Nel 1977 emergono quelle tematiche che non avevano potuto esprimersi
nel movimento del 1968, dove subito si era imposta l’ortodossia marxista e
leninista.
É invece solo in parte collegato al ‘77 il movimento femminista. I
primi collettivi, quelli non diretta emanazione dei partiti, come l’Unione
Donne Italiane (Udi), per esempio, nascono già nel 1969. Ma le tematiche
relative alla discriminazione sessuale hanno trovato non poche difficoltà ad
emergere in un universo giovanile dominato da gruppi che avevano una visione
dualistica della società, operai contro padroni, e che consideravano di
secondaria importanza tutti le problematiche non riconducibili allo scontro tra
capitale e lavoro. E così le donne hanno individuato proprio nella “autonomia”

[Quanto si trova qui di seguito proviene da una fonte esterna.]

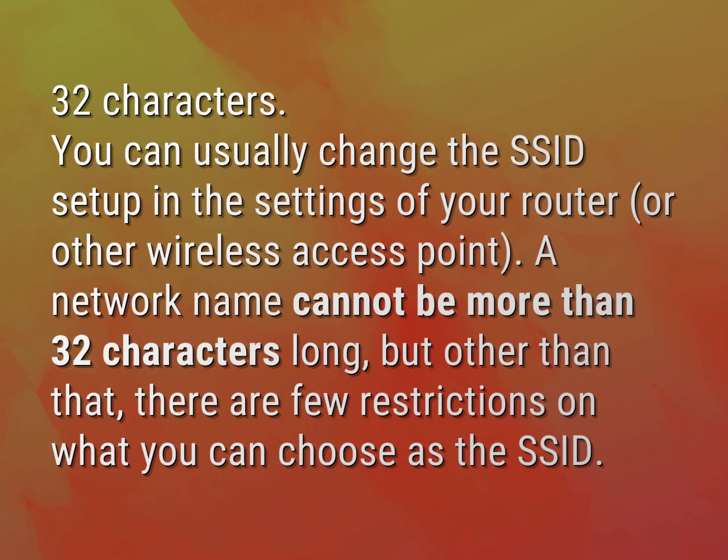You can usually change the SSID setup in the settings of your router or other wireless access point. A network name cannot be more than 32 characters long, but other than that, there are few restrictions on what you can choose as the SSID.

la garanzia per poter esprimere liberamente la rabbia e la globalità delle
proprie esigenze. “Gli attacchi contro questo spazio autonomo delle donne sono
stati molto duri”, scrivono le femministe di Bologna nel 1976:
“Da una parte i
maschi delle organizzazioni politiche, che vedevano uscire le donne, e quindi
la manovalanza che distribuiva volantini, puliva le sedi, ciclostilava e
consolava sessualmente, reagivano accusandoci di dividere la classe e di essere
lesbiche. Dall’altra i maschi delle famiglie reagivano violentemente al fatto
che le donne uscivano di casa per percorrere spazi sociali e politici da loro
incontrollabili.”
Con la crisi dei gruppi della nuova sinistra e l’emergere di un movimento
che non vede nella società solamente uno scontro frontale tra classe operaia e
capitalisti, ma una miriade di conflitti minori che esplodono in quartiere, in
città, nella metropoli, cioè in quello spazio urbano nel quale la donna vive e
lotta molto più di quanto faccia l’operaio, ormai avviato verso l’integrazione,
le cose cambiano radicalmente. Scrivono le femministe di Trieste:

A chi le accusa di essere settarie e corporative, e non sono pochi
nella nuova sinistra, ma anche in alcuni settori del nuovo movimento, le
femministe rispondono così:
“La necessità di
parlare e decidere tra donne per scoprire e determinare i nostri bisogni e i
nostri obiettivi dipende da tutta la storia del movimento operaio maschile, che
ha sempre negato addirittura l’esistenza di esigenze specifiche delle donne e
ci ha sempre relegato a questione particolare anche se siamo la maggioranza
della popolazione.”
In questo periodo le femministe sono in lotta per l’aborto libero e
gratuito. E’ una battaglia molto difficile, perché deve fare i conti con
l’ignoranza della maggioranza della popolazione, maschile e femminile, con una
cultura popolare intrisa di un cattolicesimo bigotto, che ha sempre relegato la
donna al ruolo di madre, di mezzo di riproduzione, e con una sinistra
costituzionale che appoggia il governo della Dc, un partito che solo due anni
prima si era battuto con tenacia per abolire l’istituto del divorzio.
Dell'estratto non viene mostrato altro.